Text and Speech are the primary ways humans interact with each other. The study of how we interact, that is, the study of the language we speak, is called Linguistics, and this field has been around for many decades now.

Computational linguistics encompasses a wide variety of tasks that involve the use of computational algorithms to study the human language. This also has been around for a while and was dominated by the Statistical study of Natural Language called Statistical Natural Language Processing starting from the early 1990s and stretching till the 2010s. While Statistical NLP successfully advanced many developments during its time, it required a lot of bookkeeping and storage due to manually defined algorithms involving lookup tables and dictionaries.

The field of Natural Language Processing is now dominated by Machine Learning, and more specifically by deep neural networks (neural NLP) that have accelerated major breakthroughs and advancements in building systems around Natural Language text data. The prime reason behind this is obviously the easily available and accessible abundant amount of text data and, even more importantly, the advancements in the computational industry that have developed faster and more efficient ways of processing a large amount of data in short periods of time in a cost-effective manner. The latter is what empowers modern-day computers to process a lot of text data and hence become capable of learning from it.

Computers are now (artificially) intelligent enough to predict the next word in a sentence we're typing and even correct us not only in spelling errors but also in sentence structure, grammar and formation, and so on.

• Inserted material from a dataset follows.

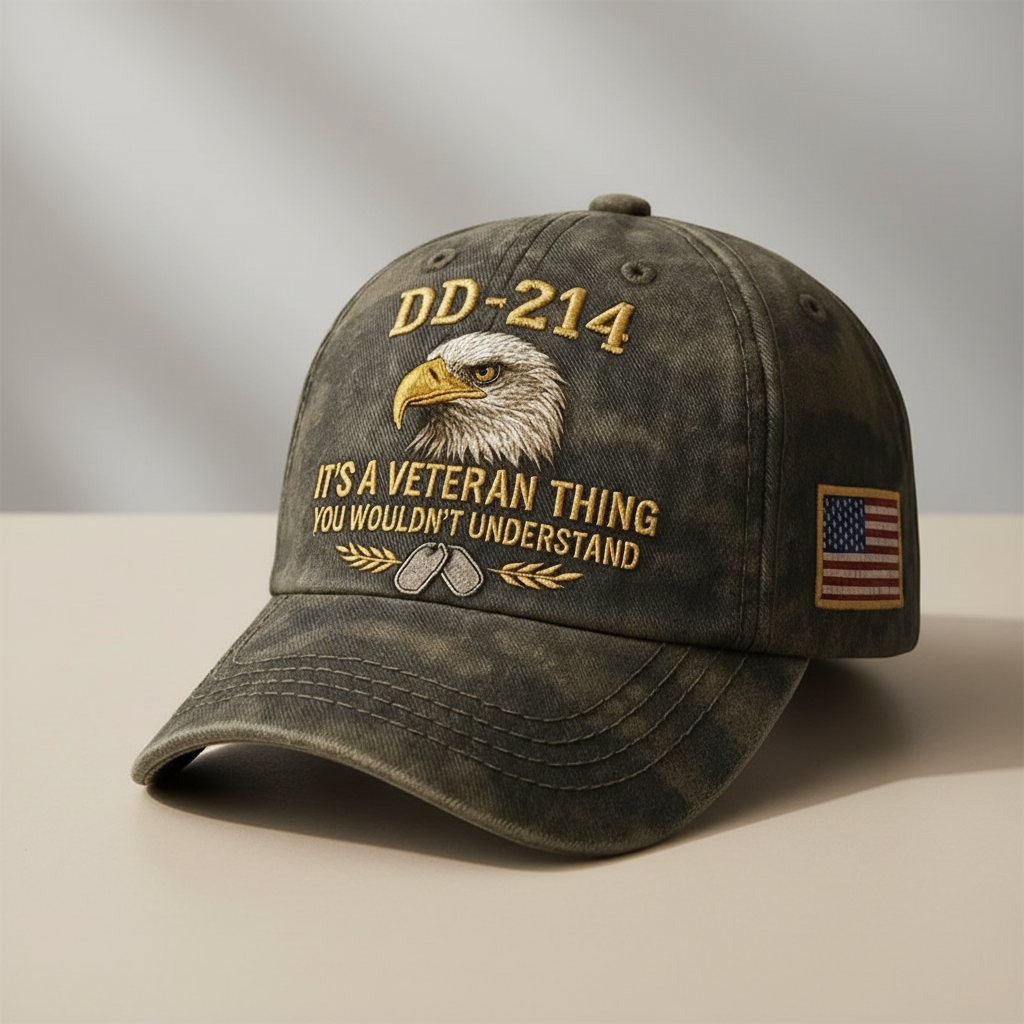 Adjustable Veteran Flag Baseball Cap With Embroidered Patch | Temsk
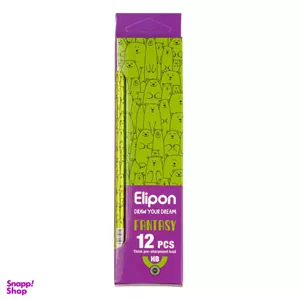 مداد مشکی الیپون (Elipone) مدل فانتزی گرد کد 8101712 بسته 12 عددی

All of these are applications of Natural Language Processing with Deep Learning, and so in this article, we will learn NLP with PyTorch, which is one of the most popular and easy-to-use libraries for deep neural modeling. Let us begin with a formal definition of Natural Language Processing.

What is NLP?

"Natural language processing (NLP) is a subfield of linguistics, computer science, and artificial intelligence concerned with the interactions between computers and human language, in particular how to program computers to process and analyze large amounts of natural language data." - from Wikipedia.

Our end goal is to build software systems capable of "understanding" text data in its written form, including the contextual and semantic specifics of the language used. Furthermore, we want to build such systems capable of recognizing patterns and deriving insights from Natural Language text data.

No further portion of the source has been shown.